I had it on ac power, but unplugged it in the hopes that when the battery runs out it will shut down on its own and then work properly.


----------



## auntiej (Aug 14, 2006)

*Re: I cannot shut down my laptop*

generally when shutting down fails, as a last resort press in the on/off switch for several seconds and it will switch off. How long has it been switched "on" since you took away ac power? Before the problem started what had you been doing - had you downloaded software, added new hardware?


----------



## TriggerFinger (Jan 30, 2008)

*Re: I cannot shut down my laptop*

Does this thing happen every time you shutdown? Or is this incident unique which happened only once? antiej is right, next time try the ON/OFF switch. 

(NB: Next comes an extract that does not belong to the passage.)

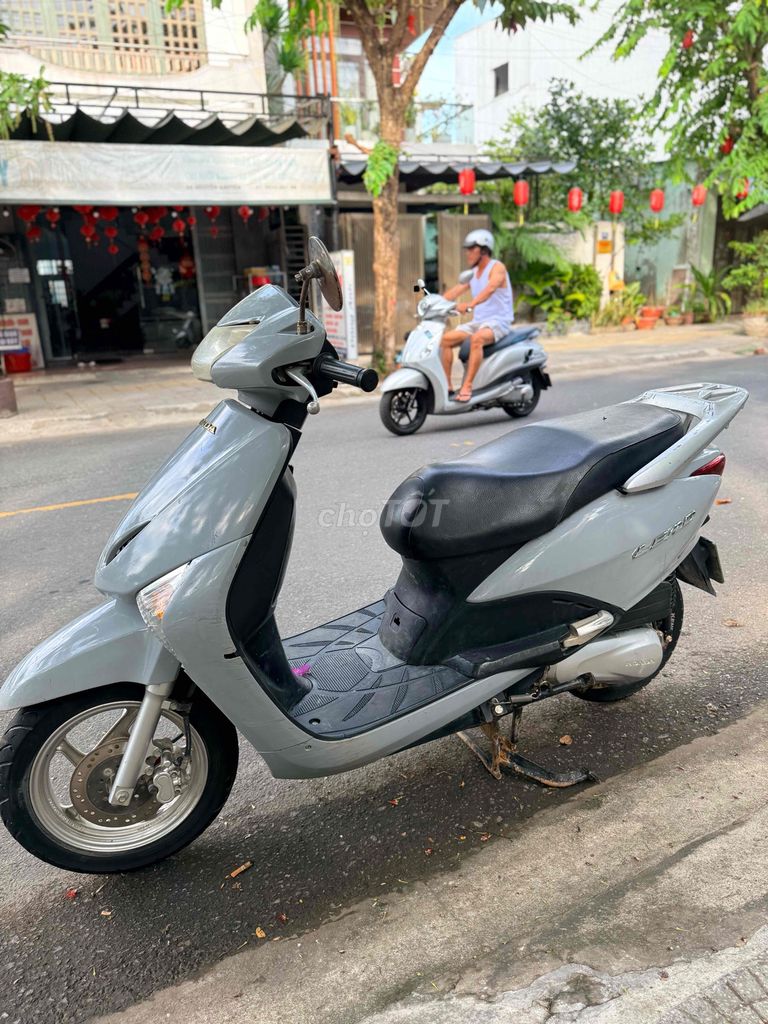 Honda 2009 - ảnh 2
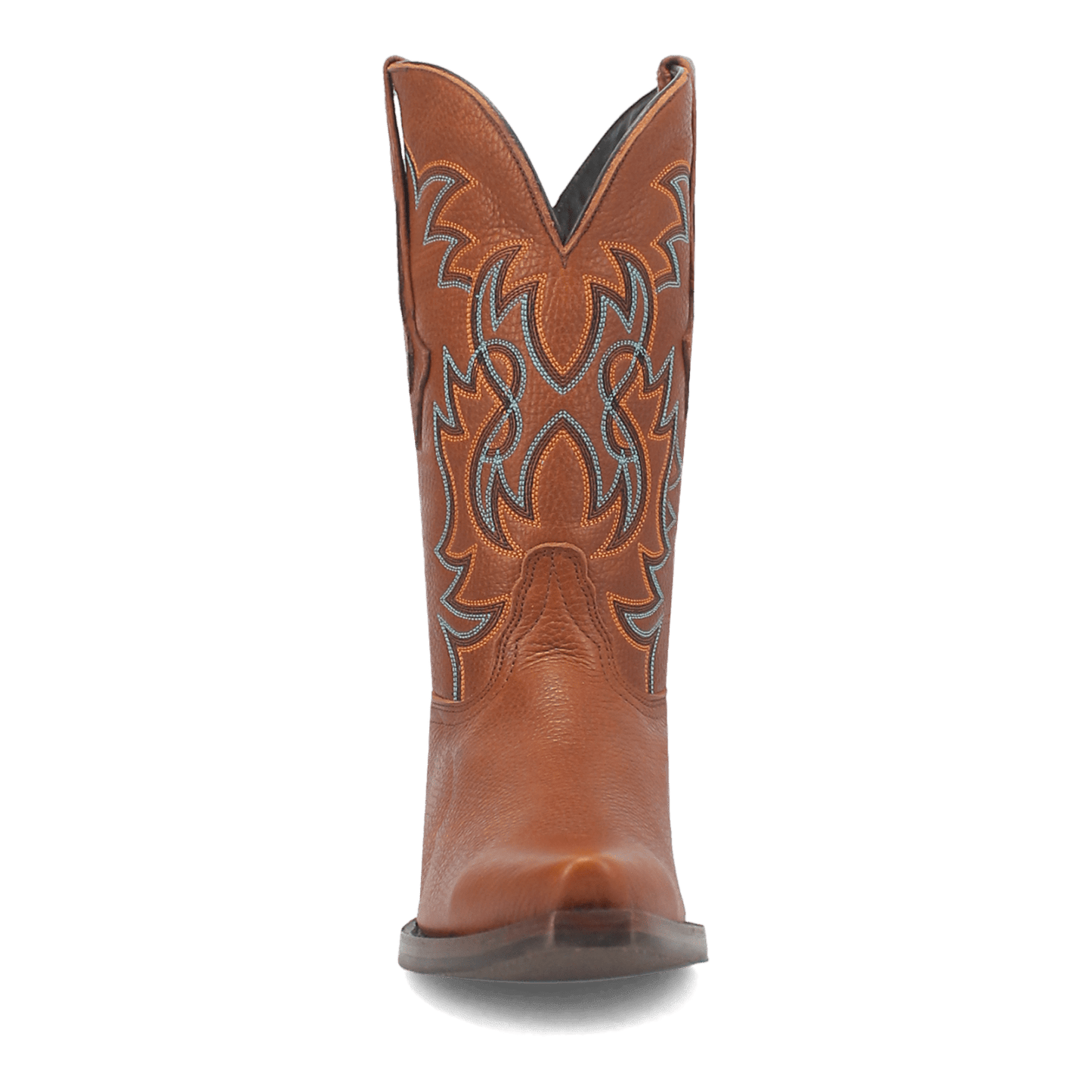 Angle 5, GOLD RUSH LEATHER BOOT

If it happened only once then I presume it is one of the apps you were running that somehow looped. On the other hand if this is happening each time you shutdown, check what things are running (in task manager) because it may be one of those things have cause your problem.


----------



## powerpack (Jan 27, 2008)

*Re: I cannot shut down my laptop*

Yea force shutdown, next time it boots it will go to the last start up that had a proper shutdown. Truth is sometimes forced shutdowns are good. if all of a sudden something like icons are missing or arranged different forced shutdown faster than figuring out what happened or manually moving all of them.


----------